ACTION ITEM » Copy each line below exactly and leave the pictures out.

(Beginning of INPUT DATA)

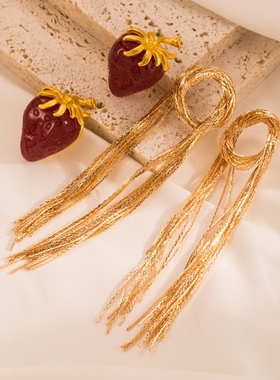 SMT 925银针红色琉璃草莓个性耳钉ins超仙小众设计感长款耳环耳饰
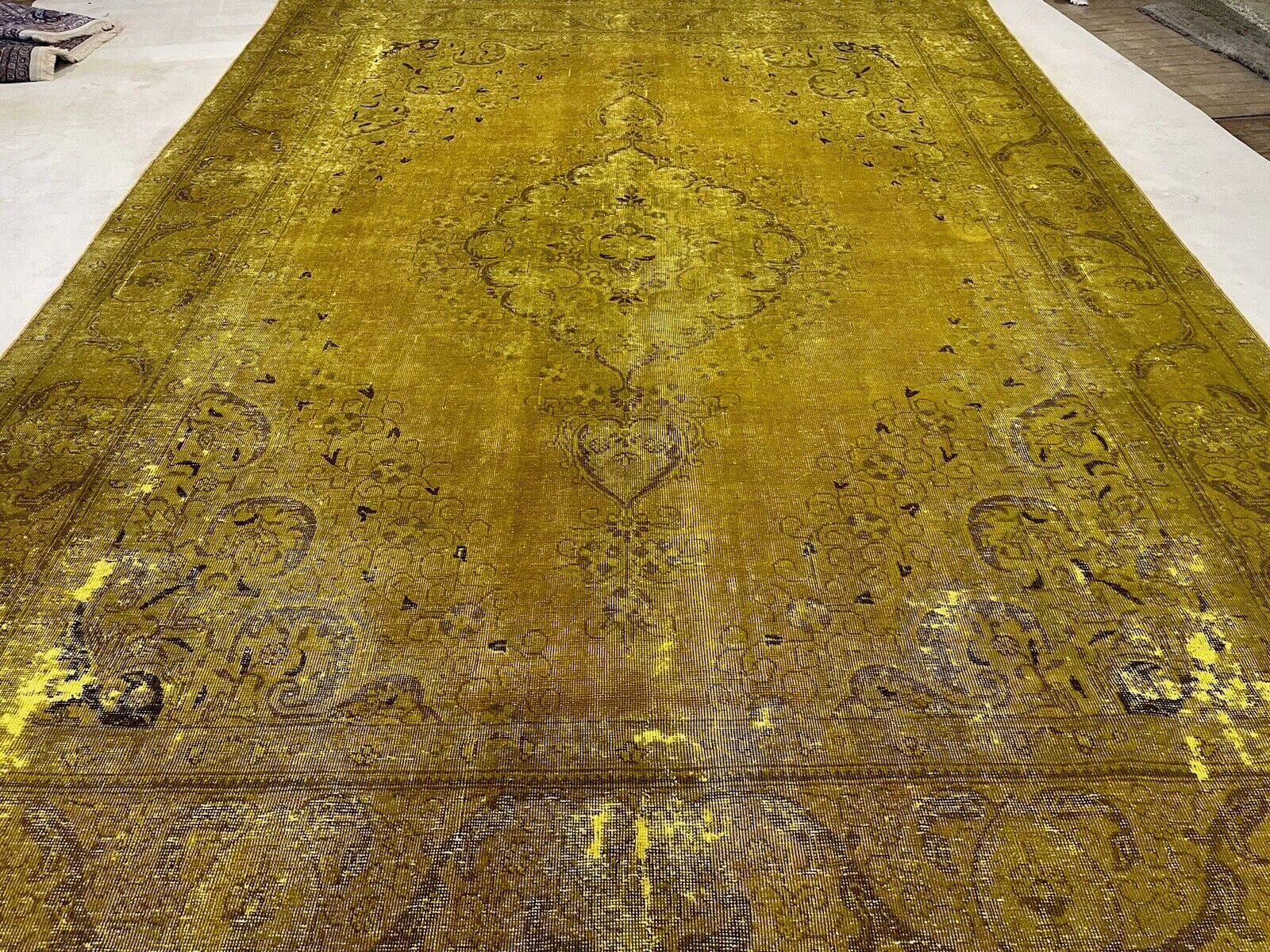 Vintage Perserteppich 389x295cm, gelb-gold, handgeknüpft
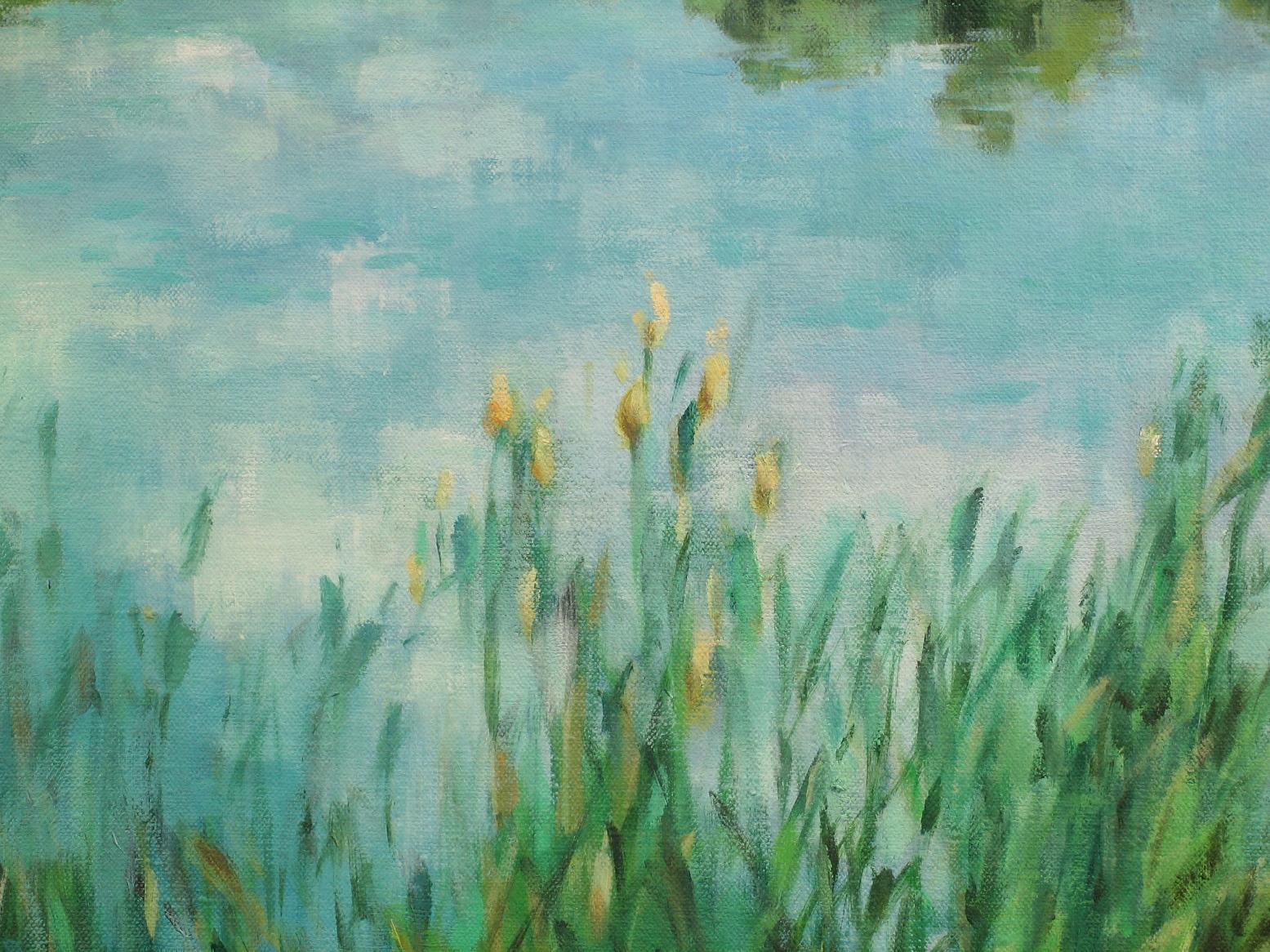 Il lago tra i canneti - Landscape Painting Blu di Suzanne Massion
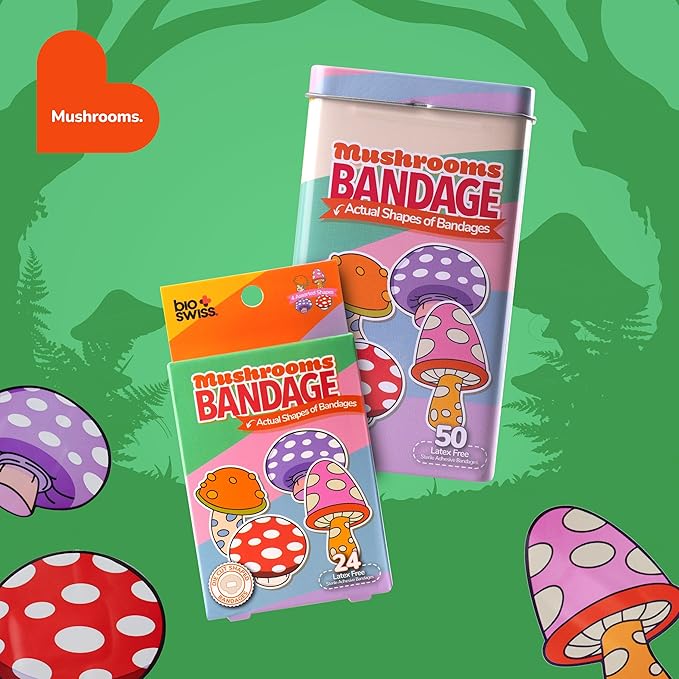 BioSwiss Bandages, Mushroom Shaped Self Adhesive Bandage, Latex Free Sterile Wound Care, Fun First Aid Kit Supplies for Kids and Adults, 50 Count-CubbioJoy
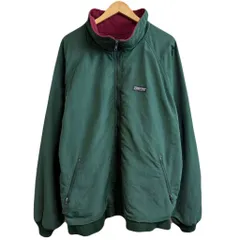 LAND'S END ランズエンド ウォームアップジャケット ナイロンジャケット フリースライニング フルジップ ポケット付き 緑 グリーン No.L103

(End of INPUT DATA)

EXPECTED ANSWER »
 SMT 925银针红色琉璃草莓个性耳钉ins超仙小众设计感长款耳环耳饰
 Vintage Perserteppich 389x295cm, gelb-gold, handgeknüpft
 Il lago tra i canneti - Landscape Painting Blu di Suzanne Massion
 BioSwiss Bandages, Mushroom Shaped Self Adhesive Bandage, Latex Free Sterile Wound Care, Fun First Aid Kit Supplies for Kids and Adults, 50 Count-CubbioJoy
 LAND'S END ランズエンド ウォームアップジャケット ナイロンジャケット フリースライニング フルジップ ポケット付き 緑 グリーン No.L103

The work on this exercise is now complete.